Pour les courriers à adresser aux maires des communes qui recevront la dotation, je lui fais remarquer que certaines bibliothèques sont privées, alors il écrira au directeur. Il me demande de lui faire la liste des contacts pour chaque destinataire afin d’accélérer le processus.

Quel plaisir de travailler avec lui, depuis 25 ans que nous nous échinons au Sénégal, ça ne nous est encore jamais arrivé de tomber sur ce genre de personnage aux antipodes de ceux que l’on rencontre habituellement.
La communication avec lui passe facilement, je lui demande s’il interviendra dans la suite des projets financés par l’Ile de France. Il me répond que ça dépend des décisions. Tout d’abord il faut savoir ce qu’a décidé la mission d’élus IDF qui vient de venir à Dakar et voir ensuite. Je plaide ma cause : budget pour 3 années et une seule année exécutée. Pour lui, il nous faut écrire un projet et qu’il en soit destinataire. S’il intervient, il est carré et tient un raisonnement juste, c’est un juriste. Renseignements pris, il est administrateur civil, anciennement directeur au ministère des collectivités territoriales et aménagement du territoire, nommé au poste de gouverneur adjoint de Dakar en 2013.

Le stock de livres au sous-sol de l’ex-Région de Dakar est toujours là.

Le comptable matière de l’ex-Région de Dakar, Babacar Gaye, chargé de m’accompagner au sous -sol de L’hôtel de Région arrive très en retard. Il est en possession des clés.
Dans le sous-sol, rien n’a été dérangé, les cartons sont sur les étagères, tels que je les y avais placés. Le pointage de l’inventaire initial des cartons montre qu’il n’y eu que des déperdition bénignes. Seuls une dizaine de cartons provenant des éditions Harlequin a disparu, ce qui n’est pas très grave mais donne des indications sur les préférences des prédateurs (rices) !! Les cartons déclarés manquants, lors de la visite aux 3 premières bibliothèques dotées sont toujours là, dans le stock. Ils n’ont jamais été remis aux destinataires, négligence sans doute ou amateurisme ! Tout est là en très bon état, il n’y a même pas trace de souris.

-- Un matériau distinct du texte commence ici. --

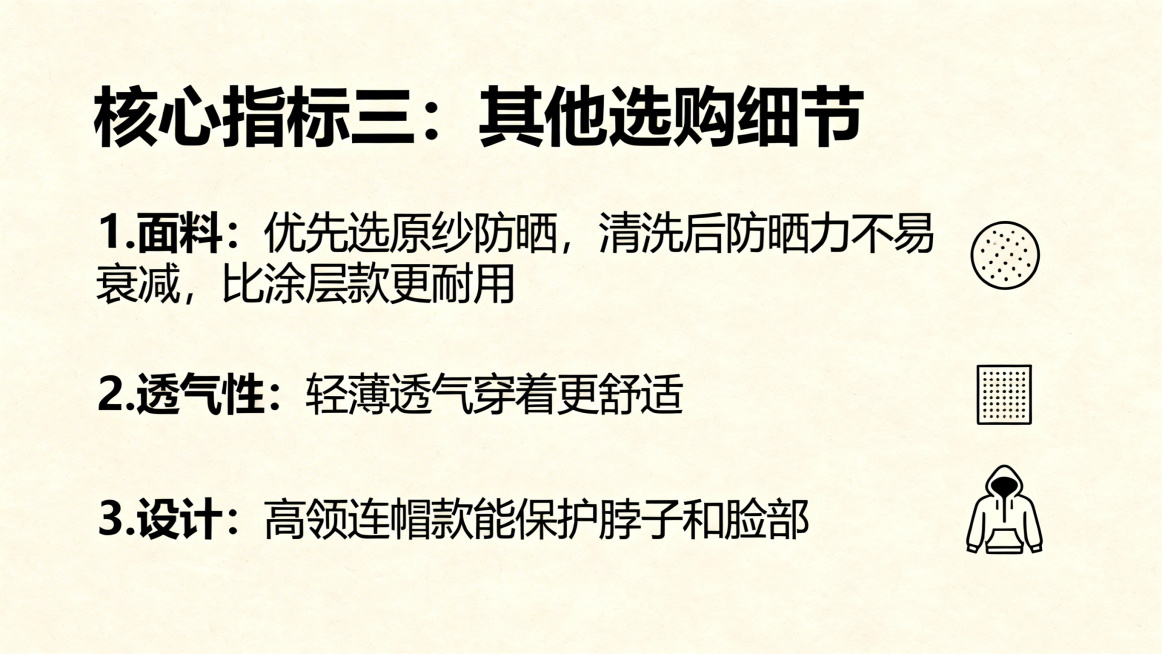 PPT内容页，大标题："核心指标三：其他选购细节"，正文文案："1.面料：优先选原纱防晒，清洗后防晒力不易衰减，比涂层款更耐用；2.透气性：轻薄透气穿着更舒适；3.设计：高领连帽款能保护脖子和脸部"，预览效果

La visite de sous-sols se poursuit. Dans le second local un tas de 3 à 4 m3 de cartons éventrés. Dans ces cartons, des boites ouvertes dont le contenu se répand partout. Ce sont des boites de craies blanches. Des centaines de boites, des milliers de craies. Alors que je m’étonne de la présence de ces craies et de leur abandon, le comptable matière montre un peu plus loin, un monceau de globes (2 M3) pas encore montés, des demi-sphères entassées, et, un peu plus loin encore, des règles jaunes de 1m pour les écoles. Le Conseil Régional de Dakar les a achetés pour les distribuer aux écoles de la région. Il n’a pas pu organiser la cérémonie de remise officielle. Une fuite d’eau dans le sous-sol à endommagé les emballages, les pilles se sont effondrées, les boites ouvertes et les craies se sont répandues partout. Personne ne semble s’en être ému. Une chance que le local où sont entreposés les livres soit resté hors d’eau.

Il faut convoquer les bénéficiaires et en informer les maires maires

Pour dresser la liste des maires, Eliane s’adresse aux bibliothécaires destinataires, afin qu’elles lui communiquent le nom du maire de la commune où elles sont implantées, ce qui lui permet, en outre, de leur annoncer la bonne nouvelle, ils vont recevoir 1000 à 1500 livres très prochainement.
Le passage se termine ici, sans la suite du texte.